Ouverte par une compagnie suédoise en 1917, la mine a été officiellement fermée 100 ans plus tard après avoir produit 34 millions de tonnes de charbon, et rendue à son état naturel moyennant 1,6 milliard de couronnes (140 millions d'euros) déboursés par l'Etat norvégien.

"L'idée, c'est de laisser la nature reprendre ses droits, que la nature se recrée elle-même", précise Morten Hagen Johansen. 

"Cela veut dire laisser les ruisseaux apparaître, se faire librement. S'assurer que les avalanches se produisent, qu'elles transportent les sédiments en bas de la vallée, que cela crée de nouvelles rivières", dit-il.

Dans la région de la mer de Barents où baigne le Svalbard, le réchauffement est jusqu'à sept fois plus important que sur la planète, selon une étude publiée l'an dernier dans Nature.

A Svea, un éboulement spectaculaire a créé une profonde crevasse dans une colline.

"C'est le résultat de très fortes pluies qui ont eu lieu l'été dernier où il a plu entre 50 et 60 millimètres en seulement 24 heures", décrypte le géologue Fredrik Juell Theisen. "Ce qui était très inhabituel avant que le climat ne commence à changer ici".

Présence russe

Le retour de bâton est cruel pour l'archipel qui veut aujourd'hui en finir avec les énergies fossiles. 

Sept autres mines situées sur les hauteurs de Longyearbyen ont presque toutes fermé au fil du temps - la dernière le sera en 2025 - et le village a définitivement débranché sa centrale à charbon ce mois-ci au profit d'une installation au diesel, moins polluante, avant de passer aux renouvelables. 

Dorénavant, le Svalbard se concentrera sur ses deux autres piliers: le tourisme et la recherche scientifique.

Seul subsistera alors un filon de charbon exploité à Barentsburg, une communauté minière russe, où vivent un peu moins de 500 Russes et Ukrainiens essentiellement originaires du Donbass.  

Une bizarrerie du traité international qui a reconnu la souveraineté de la Norvège sur le Svalbard en 1920 fait que tous les ressortissants des parties contractantes ont le droit d'y exploiter les ressources naturelles sur un pied d'égalité. 

C'est à ce titre que la Russie, via la compagnie d'Etat Trust Arktikugol, maintient depuis des décennies une présence sur ce territoire stratégique appartenant à un pays membre de l'Otan.

Selon certains observateurs et les Russes eux-mêmes, c'est donc aussi pour limiter cette présence encombrante que la Norvège a mis en place de strictes régulations environnementales: environ les deux tiers des terres du Svalbard bénéficient d'une forme de protection.

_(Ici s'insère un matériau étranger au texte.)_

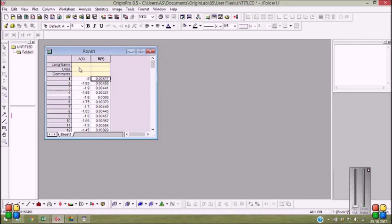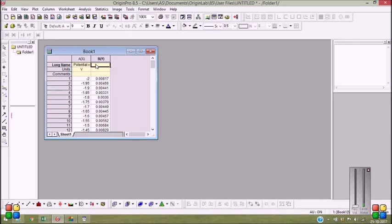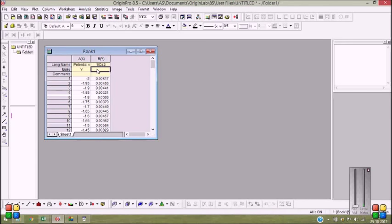It's fine. Now let me write this. Potential versus Ag/AgCl and it is volt. And this is 1 by Cs square, times 10 to the power 9, Farad to the power minus 2.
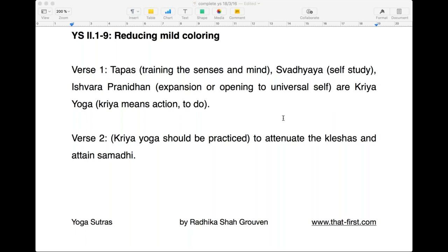Verse 2.2 says: kriya yoga should be practiced to attenuate the kleshas and attain samadhi. So for those who want to attain samadhi and expand their consciousness, they should practice some form of discipline, self-study, and expand consciousness — that is kriya yoga. The word klesha refers to verse 1.5, when we talked about klishta and eklishta — colored thoughts and uncolored thoughts. The idea is always to reduce the coloring.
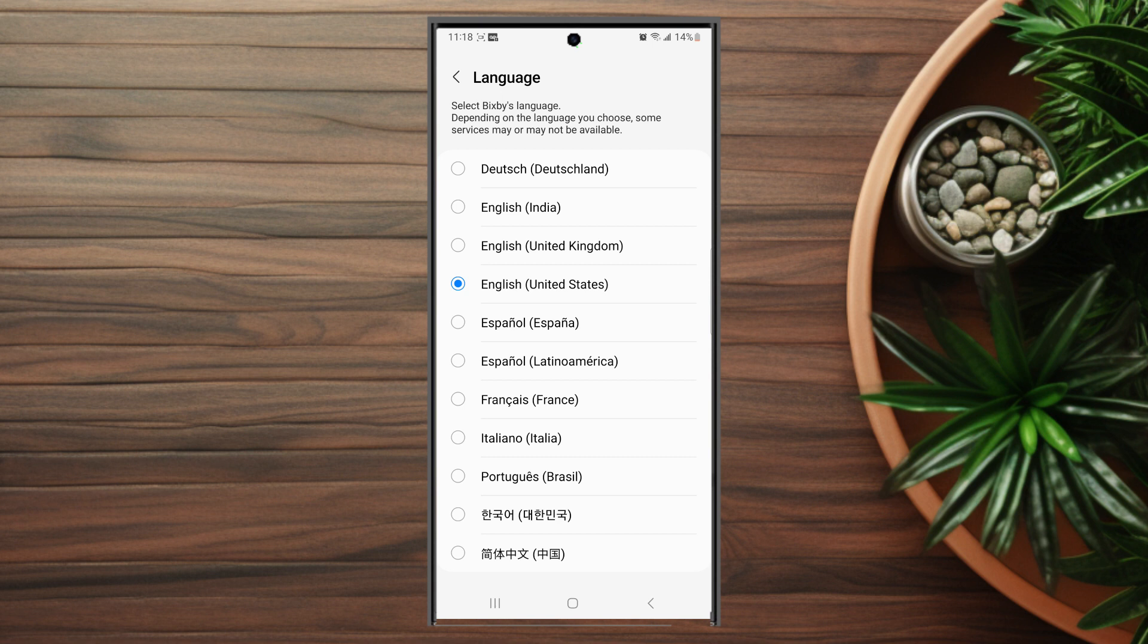So there you have it everyone, just a quick tip on how to change the Bixby voice language on the Samsung Galaxy S23 Ultra. If you like this kind of content or find it helpful, leave a message down below, don't forget to subscribe and thanks for watching.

Difficile de dire si de telles motivations ont joué un rôle dans la décision d'Oslo de restaurer, à grands frais, le site de Svea, note Mats Kirkebirkeland du think tank norvégien Civita.  

"Mais", dit-il, "il est indéniable que certaines des politiques environnementales norvégiennes et les politiques géostratégiques au Svalbard sont alignées".